Así como la novia espera ansiosamente la llegada de su novio, así también el alma creyente debe esperar constantemente que llegue el día de las bodas del cordero (Ap 19:7); debe confiar en el Espíritu que Cristo, al ascender al cielo, puso en nuestro corazón como garantía de sus promesas; (2Co 1:22) debe confiar en el cuerpo y la sangre de su Señor que recibe en la santa cena; y debe confiar en que nuestros cuerpos, sustentados por este alimento incorruptible, al fin resucitarán, igualmente incorruptibles.

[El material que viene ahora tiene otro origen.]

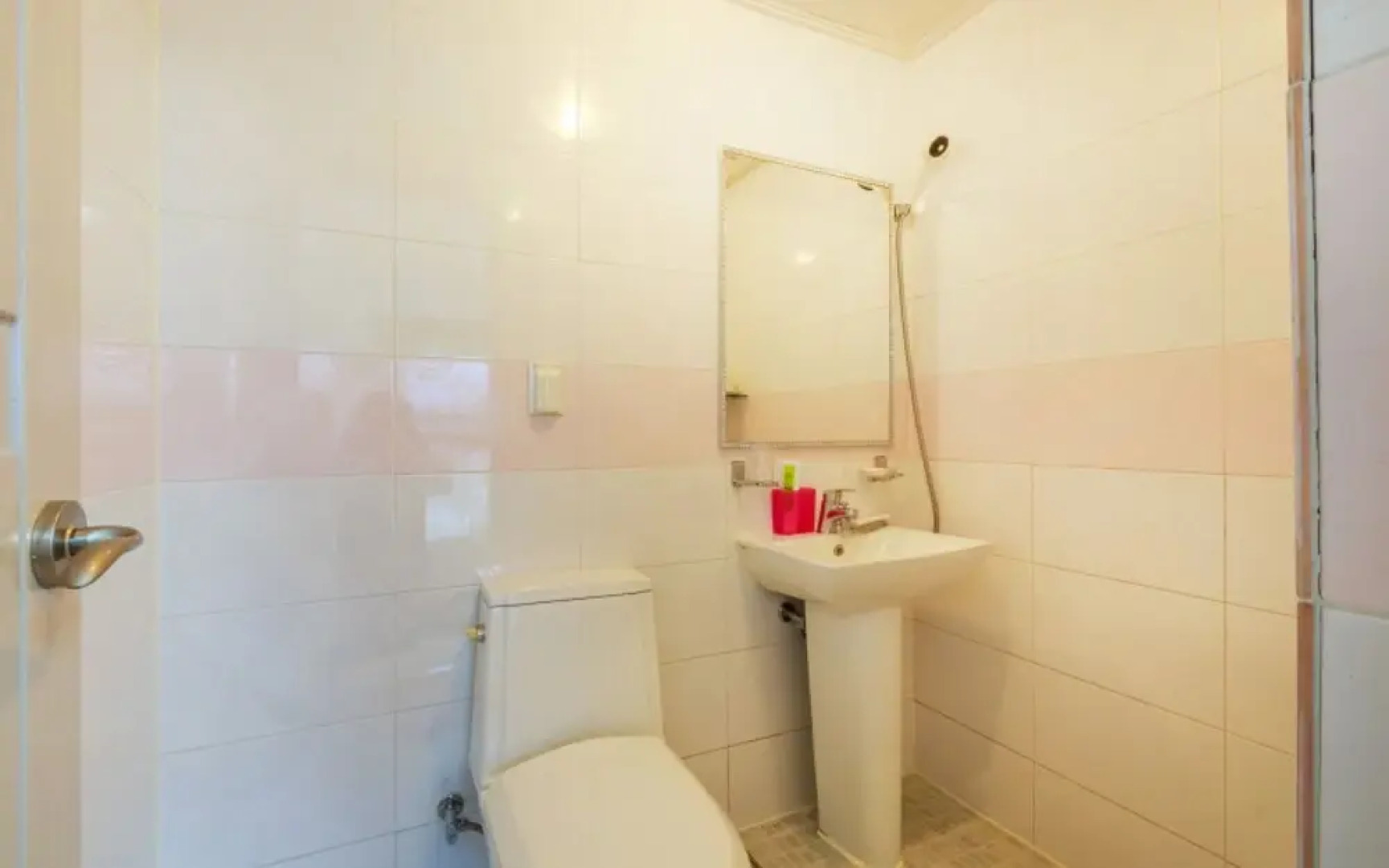 Hoengseong Modern Hill Pension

Lo que ahora creemos, llegado el día lo veremos; nuestra esperanza se cumplirá en forma correcta. Mientras Jesús está caminando con nosotros en nuestra senda terrenal, no lo reconocemos (Lc 24:15), pero cuando lleguemos a nuestra patria celestial lo veremos tal como él es (1Jn 3:2). Nuestro Salvador eligió como lugar para su ascensión el monte llamado de los Olivos (Hch 1:12) porque el olivo es el símbolo de la paz y de la alegría - la paz que trajo a nuestra conciencia intranquila mediante su pasión y muerte, y la alegría y el júbilo con que se nos recibirá en la entrada a nuestra mansión eterna. Lo que sucedió en la altura de aquel monte ha de llamar nuestra atención hacia lo que sucederá en las alturas celestiales. ¡Sigamos a nuestro Señor con el anhelo de nuestro corazón mientras aún no lo podamos hacer con nuestros pies! Moisés subió a un monte para encontrarse con Dios (Éx 19:3); en un monte adoraron los santos patriarcas (Jn 4:20). Abraham se quedó a vivir en Canaán una zona montañosa, en tanto que Lot escogió para sí todo el valle del Jordán (Gn 13:11).

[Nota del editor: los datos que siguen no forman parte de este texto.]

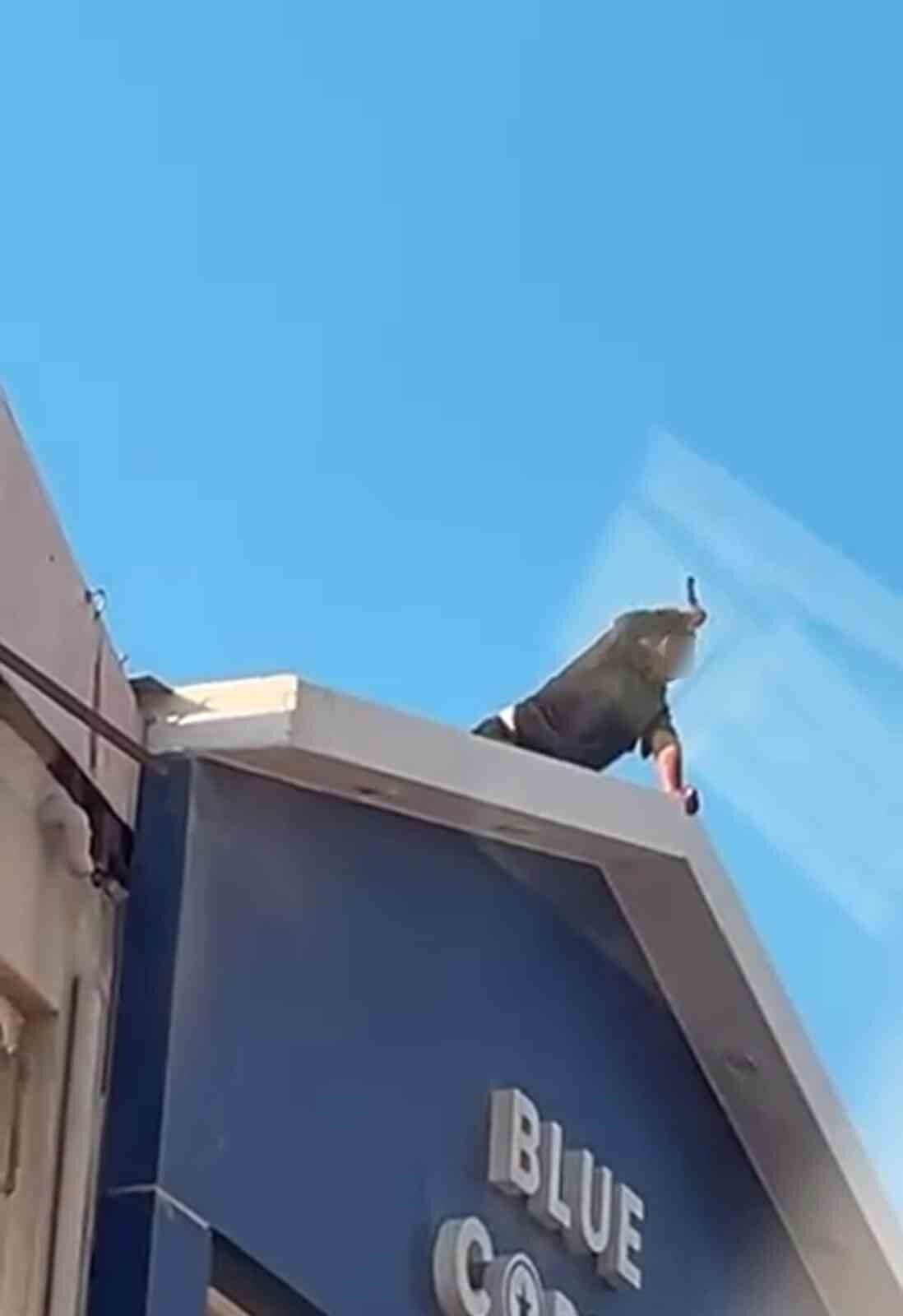 Hatay’da 2 katlı bir iş yerinin çatısına çıkarak kendine zarar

De esto podemos desprender que el alma de los fieles debe abandonar las tierras llanas de este mundo y elevarse a las alturas celestiales. Allá escuchará la amable voz de Dios en su interior, allá podrá rendir culto al Padre en espíritu, en verdad (Jn 4:23), y con Abraham podrá huir del fuego eterno que está preparado para la pecaminosa llanura terrenal.

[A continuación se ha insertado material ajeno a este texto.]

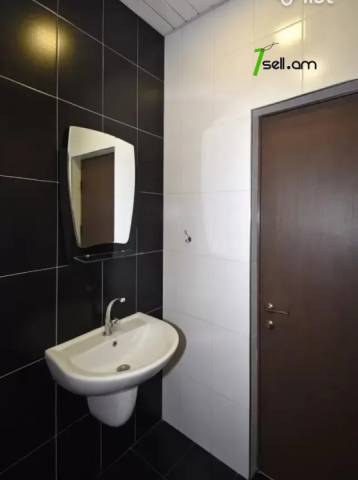 3 սենյականոց բնակարան նորակառույց շենքում Գյուլբենկյան փողոցում, 85 ք.մ., բարձր առաստաղներ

Betania significa “casa del pobre,” y por extensión “casa de aflicción” y a través de aflicciones y dificultades es como entramos en el reino de Dios (Hch 14:23), al igual que Cristo, “que tenía que sufrir… antes de entrar en su gloria” (Lc 24:26). Hasta entonces el cielo parecía estar clausurado, y el paraíso parecía estar custodiado por una espada ardiente que se movía por todos lados (Gn 3:24). Ahora empero, Cristo como Príncipe victorioso abre el cielo y nos muestra el camino a la patria celestial de la cual habíamos desertado. ¿Y los discípulos? Ahí estaban mirando al cielo (Hch 1:11). Y esto es lo que deben hacer los que en verdad son discípulos de Cristo: levantar los ojos al cielo, a la expectativa de lo que allá les aguarda.
¡Oh Señor Jesús, cuán glorioso fue el final de tu camino que te condujo por tanto sufrimiento! De pronto, todo cambió. En Gólgota te vi en tu máxima humillación, y en el monte de los Olivos, en tu máxima gloria. Allá te encontrabas solo; acá, acompañado de miles de ángeles. Allá te elevaron a la cruz; acá una nube te eleva al cielo. Allá estuviste en medio de los malhechores; acá, en medio del coro angelical. Allá te elevaron en el madero; acá estás en libertad como liberador de los condenados. Allá mueres entre los más crueles dolores; acá celebras con júbilo tu triunfo. Cristo nuestra cabeza (Ef 5:23), y nosotros somos sus miembros. ¡Alégrate pues, alma mía, y regocíjate por la ascensión de tu cabeza! De la gloria de la cabeza participan también los miembros. Donde reina el que adoptó nuestro cuerpo y sangre, allí - así lo creemos firmemente - reinaremos también nosotros. Y aún cuando nuestros pecados constituyeran una barrera, el que entró en comunión con nuestra naturaleza no nos rechazará.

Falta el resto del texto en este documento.